How to complete this task: Copy, exactly as written, the lines that begin at the one containing "Koronawirus. W Małopolsce" and end at the one containing "Photo - 430 E 1st Ave". Skip any pictures in the data below.

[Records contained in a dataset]
_____
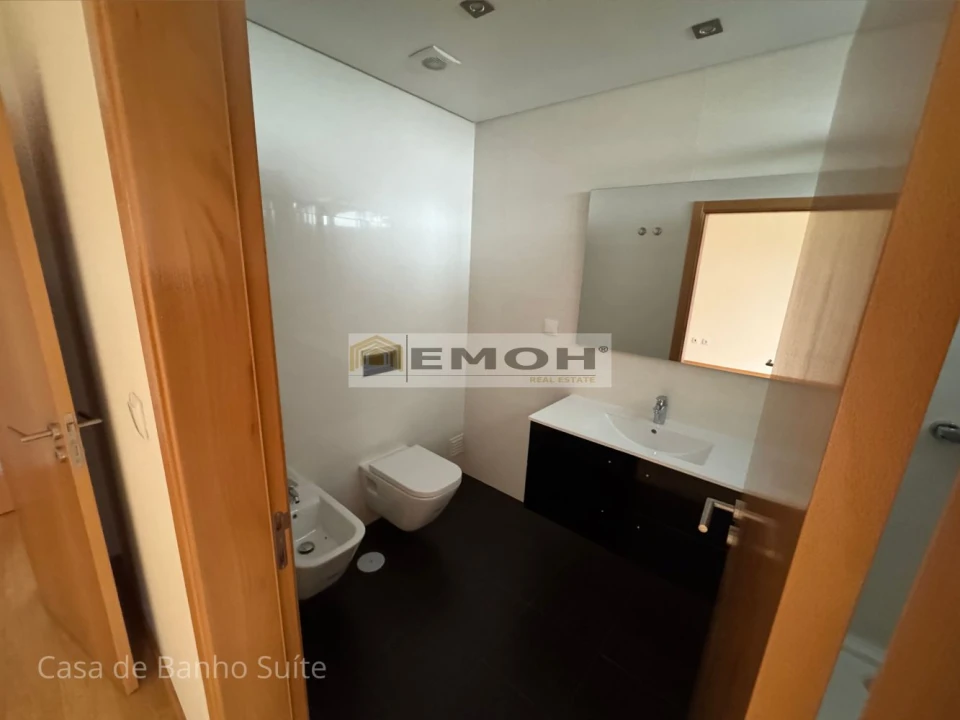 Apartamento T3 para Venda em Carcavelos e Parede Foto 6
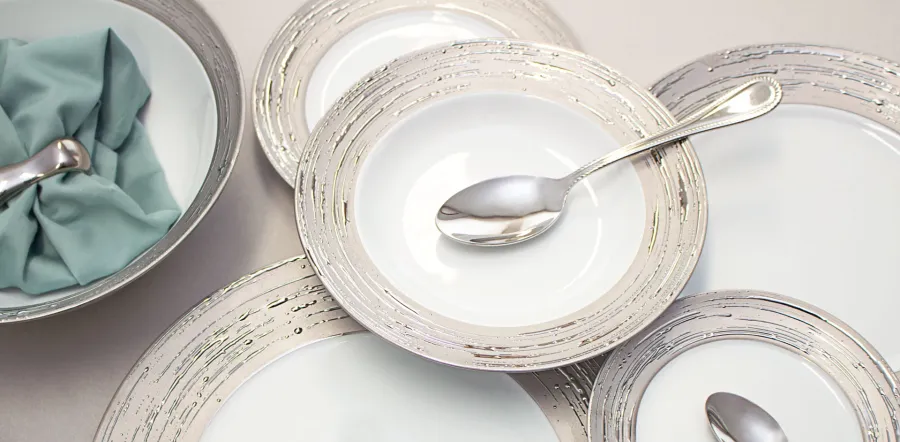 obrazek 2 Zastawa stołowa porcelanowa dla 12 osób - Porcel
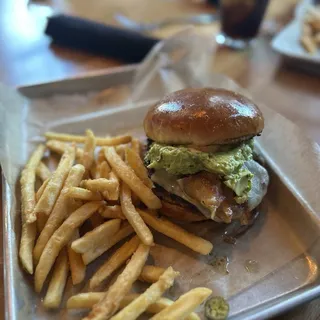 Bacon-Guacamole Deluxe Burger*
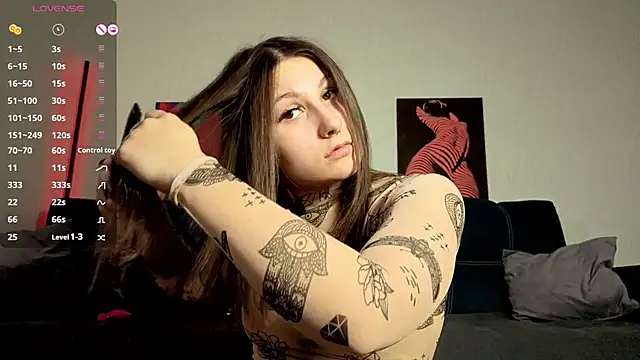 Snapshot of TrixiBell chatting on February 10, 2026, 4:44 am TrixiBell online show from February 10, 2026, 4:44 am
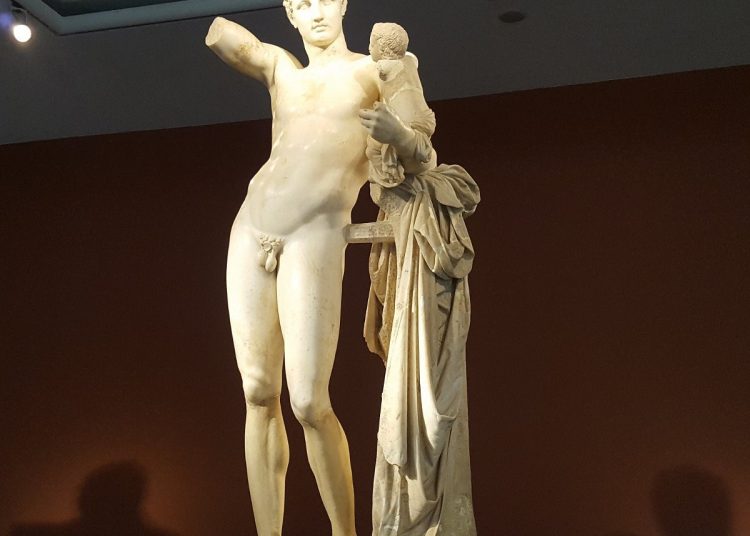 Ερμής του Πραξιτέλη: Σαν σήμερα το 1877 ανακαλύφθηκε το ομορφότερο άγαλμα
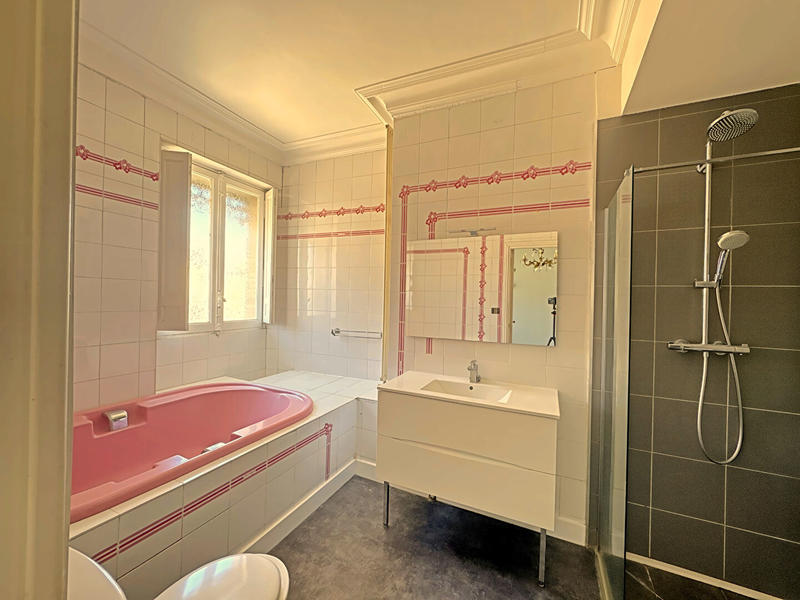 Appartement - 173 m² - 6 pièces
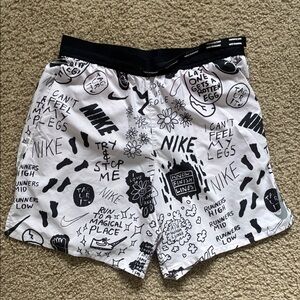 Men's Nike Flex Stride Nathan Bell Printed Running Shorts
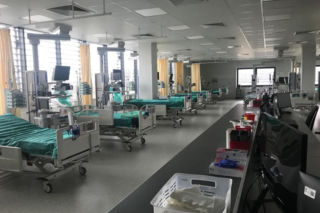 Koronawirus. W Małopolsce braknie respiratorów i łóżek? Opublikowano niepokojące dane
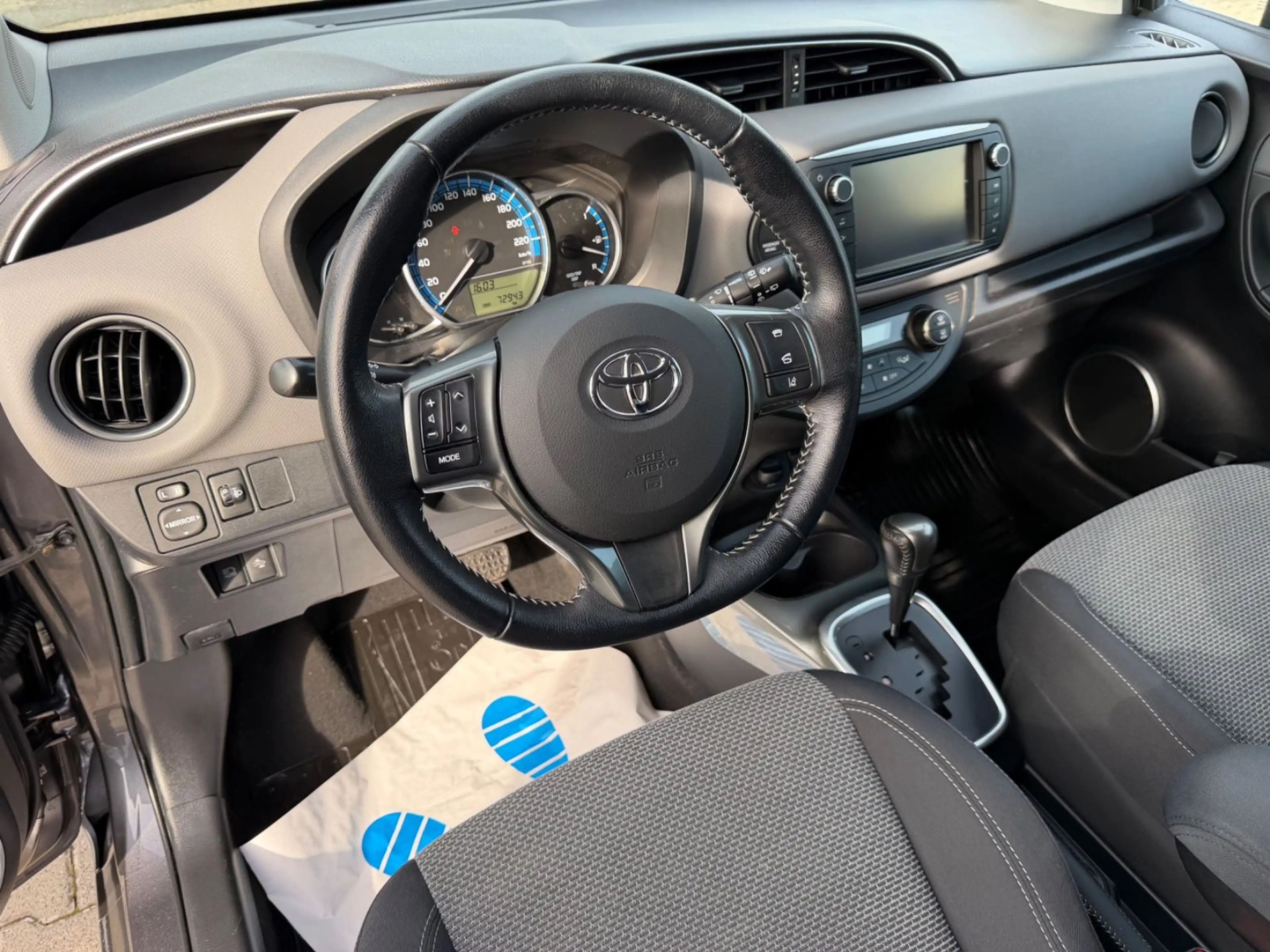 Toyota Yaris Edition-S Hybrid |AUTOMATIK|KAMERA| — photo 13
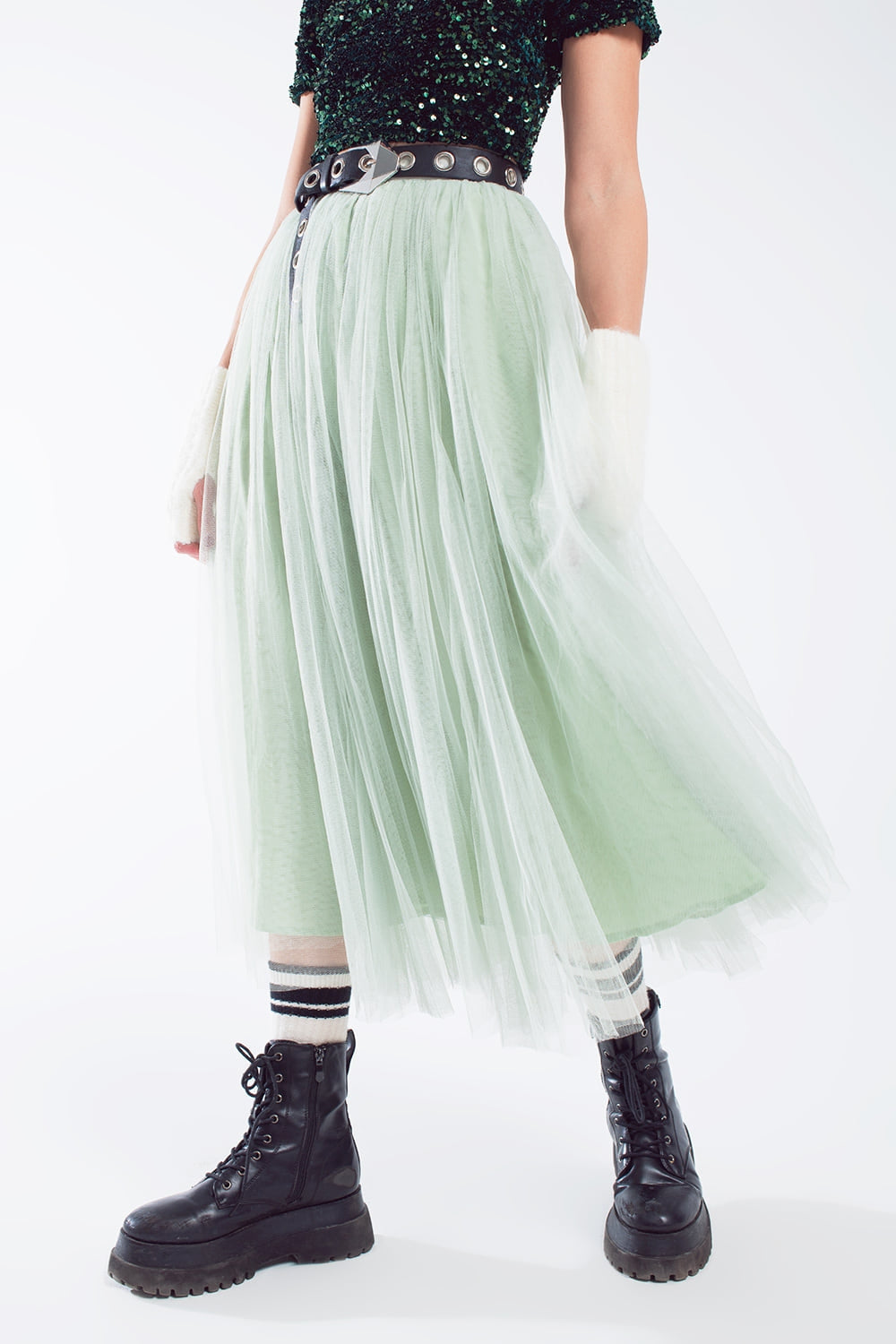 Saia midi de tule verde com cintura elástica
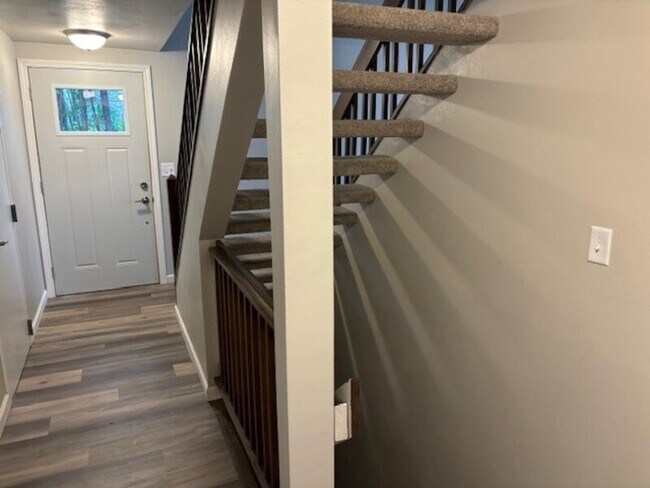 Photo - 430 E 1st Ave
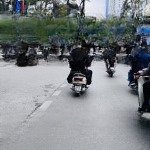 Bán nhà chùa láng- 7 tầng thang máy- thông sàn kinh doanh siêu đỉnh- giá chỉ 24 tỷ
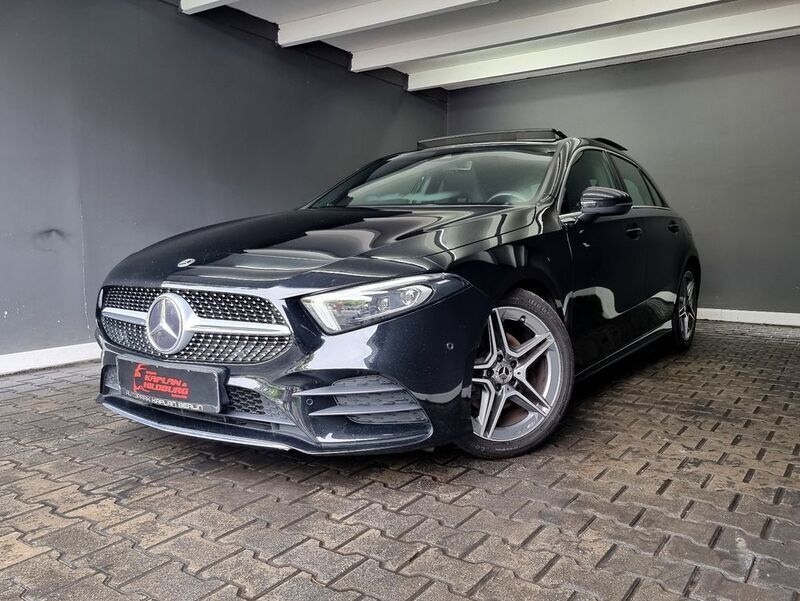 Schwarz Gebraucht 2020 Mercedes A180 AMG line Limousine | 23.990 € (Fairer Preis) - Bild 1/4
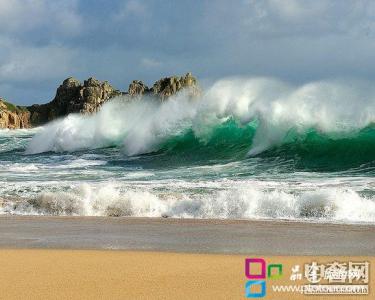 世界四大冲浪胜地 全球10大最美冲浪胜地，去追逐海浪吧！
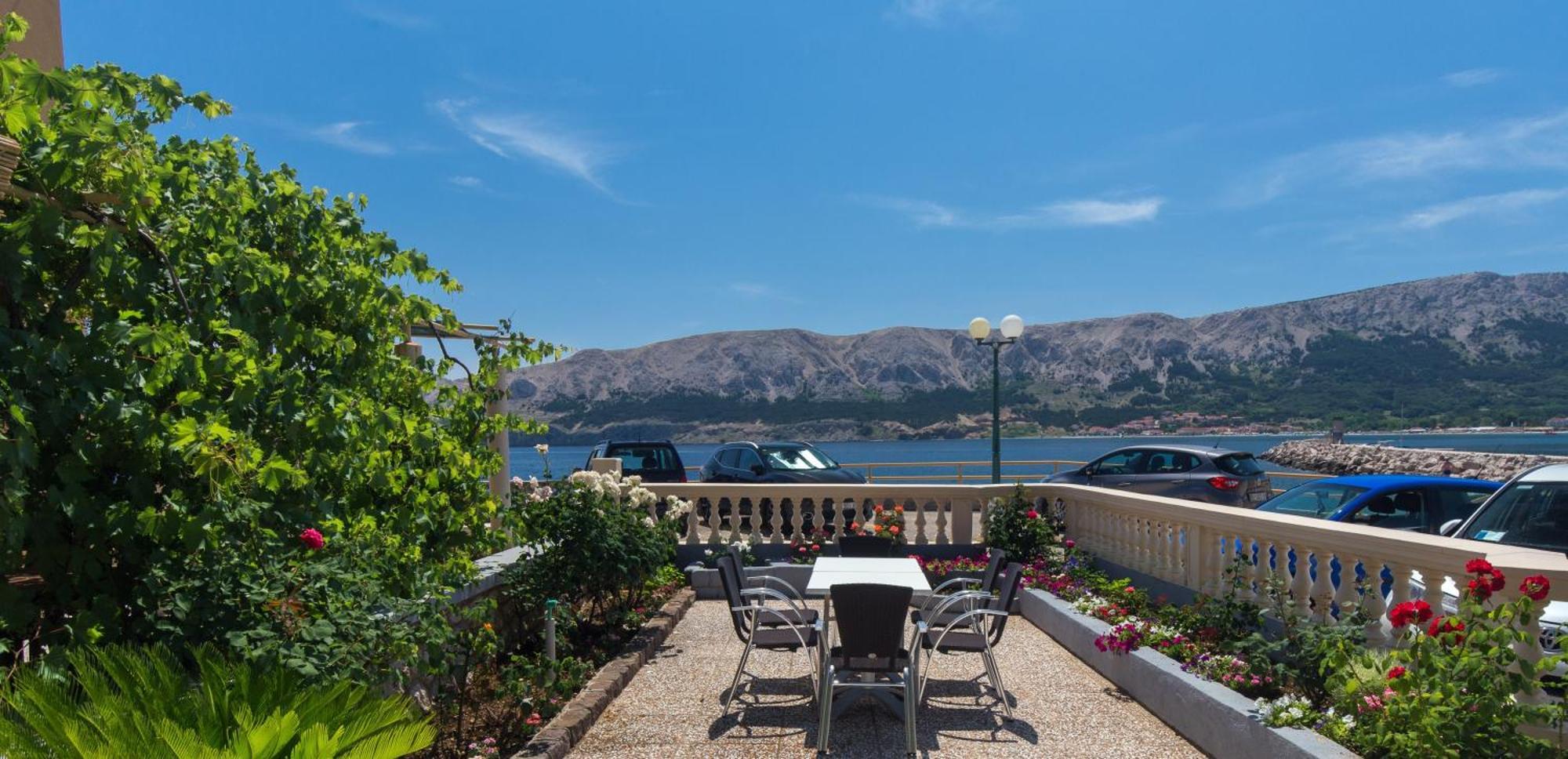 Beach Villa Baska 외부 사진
_____
Answer to the exercise:
 Koronawirus. W Małopolsce braknie respiratorów i łóżek? Opublikowano niepokojące dane
 Toyota Yaris Edition-S Hybrid |AUTOMATIK|KAMERA| — photo 13
 Saia midi de tule verde com cintura elástica
 Photo - 430 E 1st Ave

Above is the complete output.